Problem to solve: For each entry, restate it word for word while omitting any image it holds.

Materials provided:
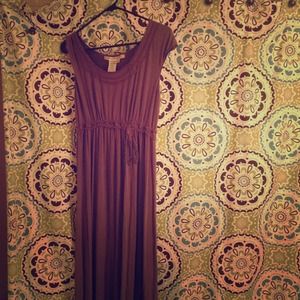 Floor length maxi dress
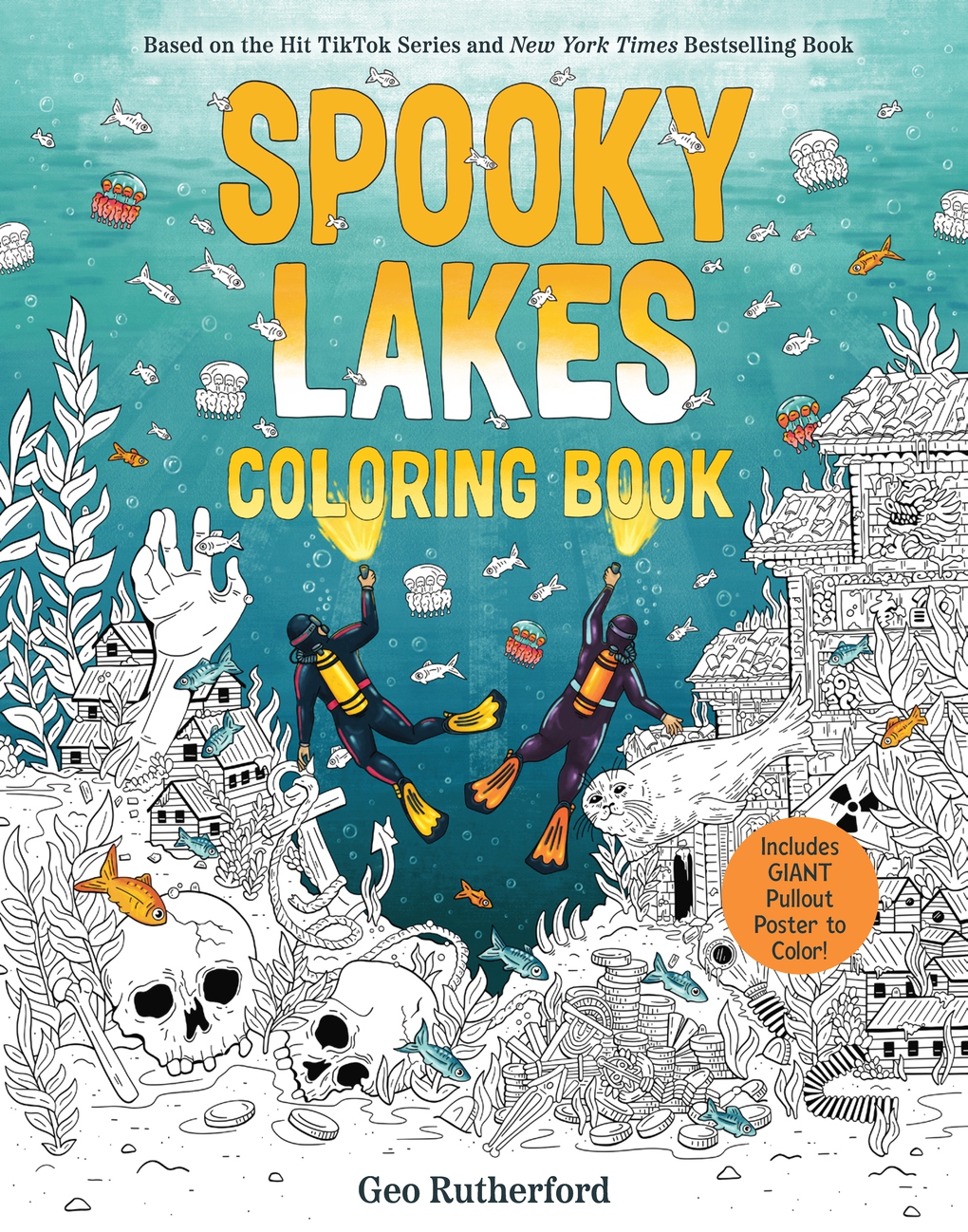 Spooky Lakes Coloring Book by Geo Rutherford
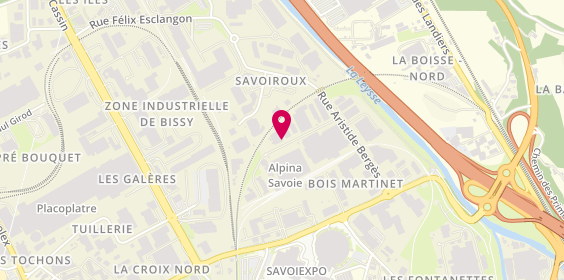 Plan de ASM, 166 Rue Général Borson, 73000 Chambéry
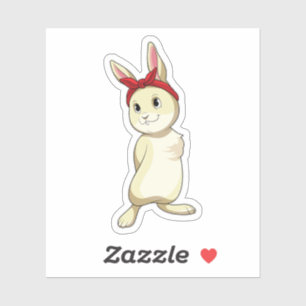 Sticker Lapin avec Bandana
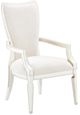 Michael Amini® La Marisia Creamy Pearl Dining Arm Chair-0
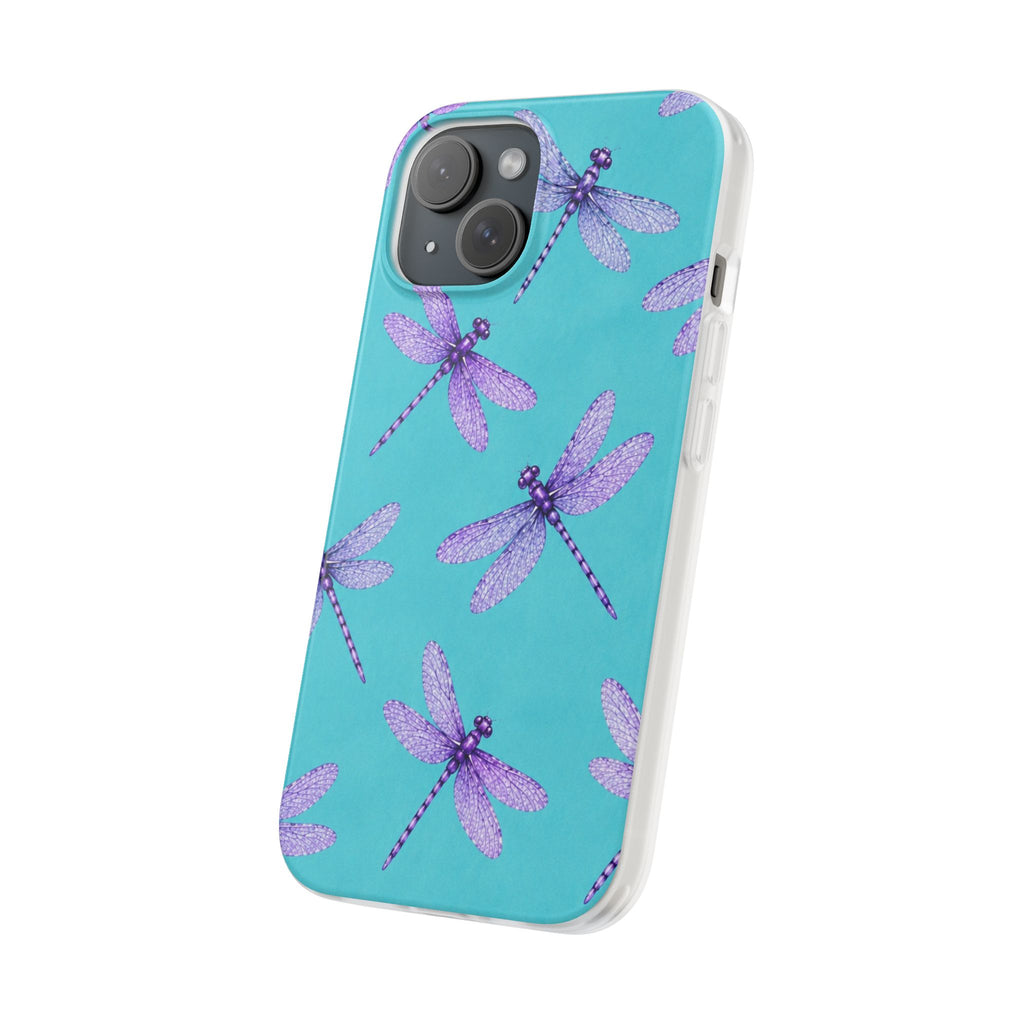 Turquoise Dragonfly Dreams – Flexi iPhone & Samsung Phone Case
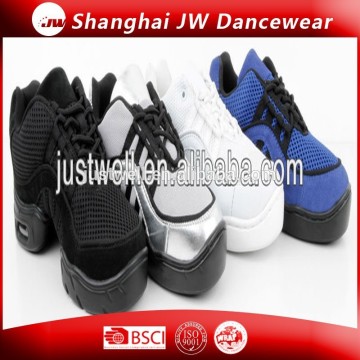 Colorful Cheapest Fancy Anti-skid Dance Sneakers With Mesh And Stripe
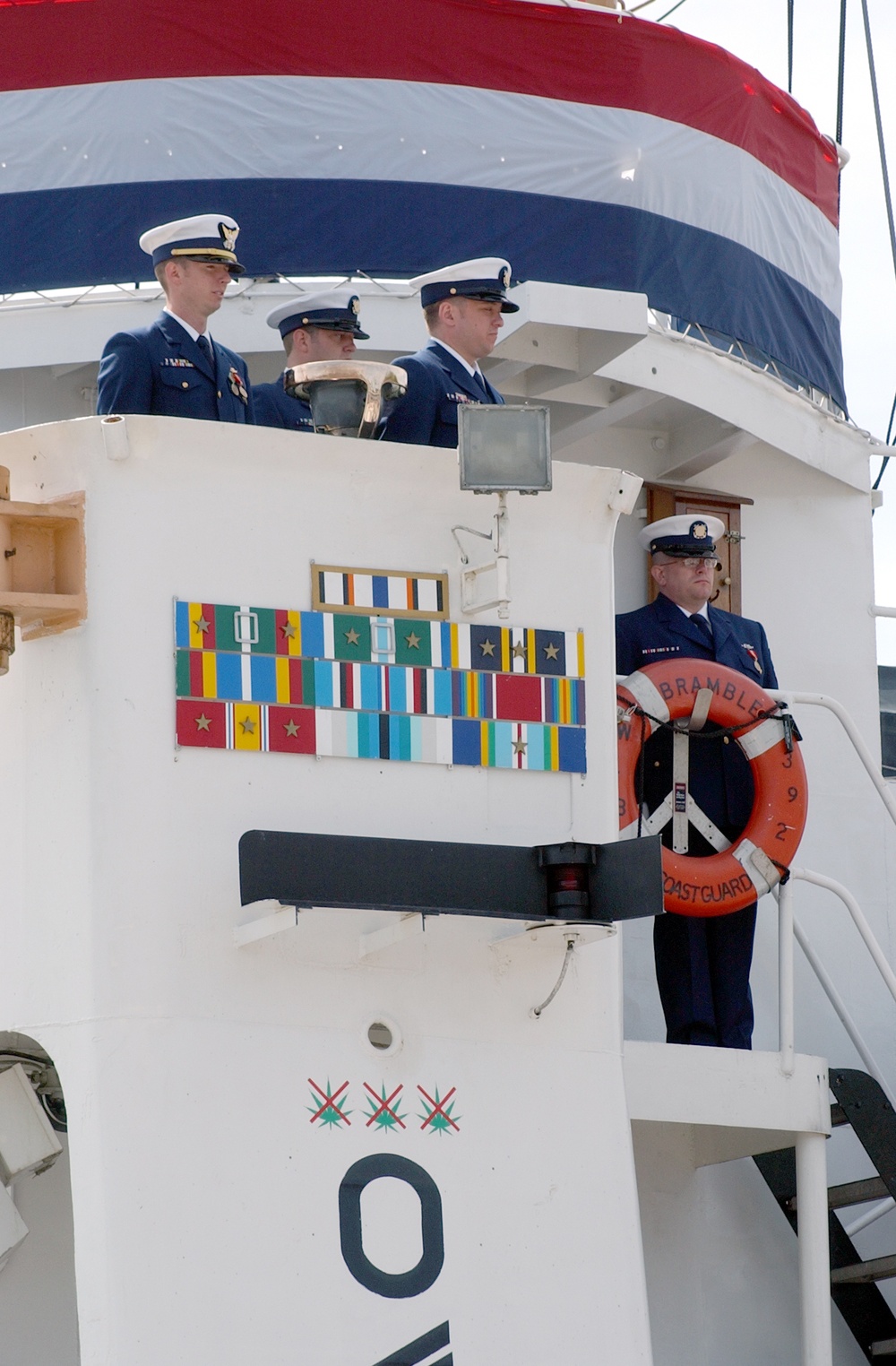 DECOMMISSIONING CEREMONY OF CGC BRAMBLE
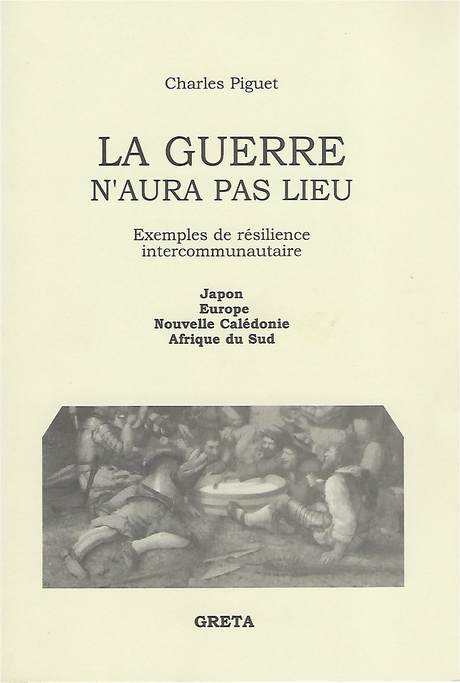 La guerre n'aura pas lieu, book cover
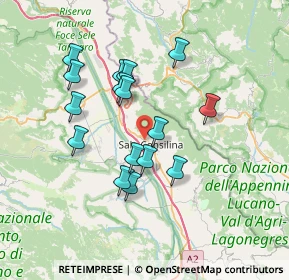 Mappa Via Macchia Italiana, 84036 Sala Consilina SA, Italia (6.84375)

Answer section:
 Floor length maxi dress
 Spooky Lakes Coloring Book by Geo Rutherford
 Plan de ASM, 166 Rue Général Borson, 73000 Chambéry
 Sticker Lapin avec Bandana
 Michael Amini® La Marisia Creamy Pearl Dining Arm Chair-0
 Turquoise Dragonfly Dreams – Flexi iPhone & Samsung Phone Case
 Colorful Cheapest Fancy Anti-skid Dance Sneakers With Mesh And Stripe
 DECOMMISSIONING CEREMONY OF CGC BRAMBLE
 La guerre n'aura pas lieu, book cover
 Mappa Via Macchia Italiana, 84036 Sala Consilina SA, Italia (6.84375)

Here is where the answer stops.